Чуть колеблелась осока, 
Наклоняя тощий стан, 
А в саду неподалеку 
Цвел оранжевый тюльпан. 

И, предвидя новолунье, 
Он влюбился в стрекозу, 
И летит к нему шалунья 
Утереть его слезу... 

Бывши поэтом-пушкинианцем, молясь на Пушкина, он любил простоту и ясность, хотя сам не был чужд свежих образов, смелых эпитетов. Он мог сказать: “безлиственная ночь” и, вероятно, весьма удивился бы, если бы ему указали на дерзновение данного выражения. Происходило это оттого, что в творчестве своем, как истинно художественном, он часто бывал подсознателен. Недаром многие критики называют Фофанова первым русским декадентом. Да, действительно в нем было то, что подходит под это наименование, но как он не любил, можно сказать, даже ненавидел “декадентов”,— как называла критика того времени, Брюсова, Блока, Сологуба. В одном из писем ко мне он дошел до того, что прямо-таки называл вышеназванных поэтов... бездарностями (!) и предостерегал меня от подражания им.

В заключение привожу его стихи, написанные мне в 1908 году на книге его “Иллюзии”:

Все люблю я в Игоре,— 
Душу и перо! 
Жизнь его, ты выгори 
В славу и добро! 

Песнь его прекрасная, 
И, как зорька ясная, 
Озари всевластная, 
На Парнасе высь! 

II. ПОСЛЕДНИЕ ДНИ ПОЭТА

5 мая 1911 года, когда я только что закончил свой знаменитый “Весенний день”, раздался звонок, и в мой кабинет вошел, как всегда возбужденный и нервный, Фофанов в сопровождении своего сына Константина, впоследствии футуриста Олимпова, оставившего после себя печальную память своими дикими выходками и причудами вплоть до запускания в публику стульями...

Этот случай имел место на первом моем поэзоконцерте в Петербурге, в зале Тенишевского училища, в октябре 1913 года, где среди двадцати трех участвующих литераторов и артистов выступал и этот неистовый юноша. В тот вечер вступительное слово о моем творчестве произнес покойный ныне Н. И. Кульбин.
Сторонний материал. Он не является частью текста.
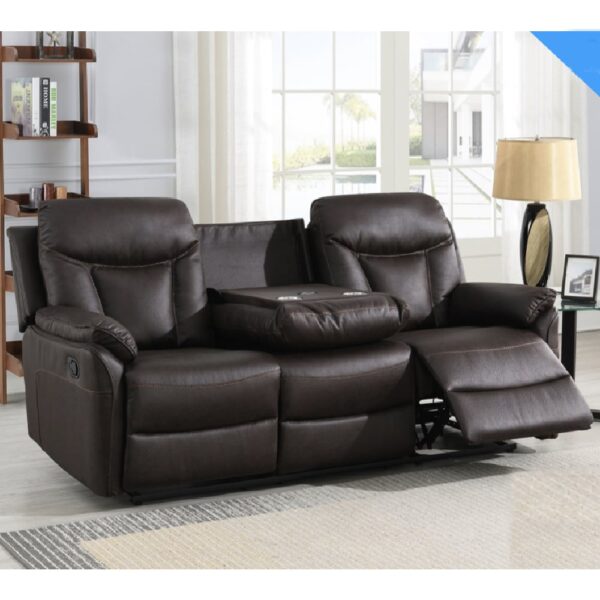 Vallejo Fabric Recliner 3 Seater Sofa In Dark Brown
...Я прочел пришедшему Фофанову свое новое, только что законченное стихотворение, и с каким искренним восторгом он выслушал его, как обнимал меня, растроганный и восхищенный. “Вот как надо писать, радость моя! — говорил он со слезами на глазах.— Забудь все декадентские исхищрения, они тебе не к лицу. Пиши всегда так же просто и ясно, как написал этот „Весенний день", и ты будешь всенародным русским поэтом. А теперь я пришел к тебе напомнить, что жду тебя и твою маму к себе в Сергиево 18 мая — в день моего рождения. Приезжайте обязательно и помните, что особых приглашений в этот раз не будет. Так смотрите же, будьте непременно”.

Посидев около часа, гости ушли, а уже 10 мая, т. е. через пять дней после их посещения, в “Биржевых ведомостях” появилось сообщение о серьезной болезни Фофанова. Тотчас же я собрался поехать в Сергиево, взволнованный этим известием. В это время приехал за мной Леонид Николаевич Афанасьев, весьма встревоженный и расстроенный тем же, и мы отправились с ним к больному.
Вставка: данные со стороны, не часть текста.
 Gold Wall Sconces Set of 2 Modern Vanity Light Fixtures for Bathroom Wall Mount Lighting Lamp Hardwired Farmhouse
Застали его в постели,— как всегда, без гроша в доме. Он жаловался на боли в левом боку, кашлял, но был весел и оживлен, по обыкновению много шутя и развлекая нас остротами и эпиграммами преимущественно на высочайших особ. Он потребовал, чтобы жена распорядилась послать за водкой и, несмотря на наши протесты и на доводы о вреде вина во время болезни, водка все же была добыта, и мы принуждены были, скрипя сердце, выпить с ним несколько рюмок, Афанасьев наверняка не более одной.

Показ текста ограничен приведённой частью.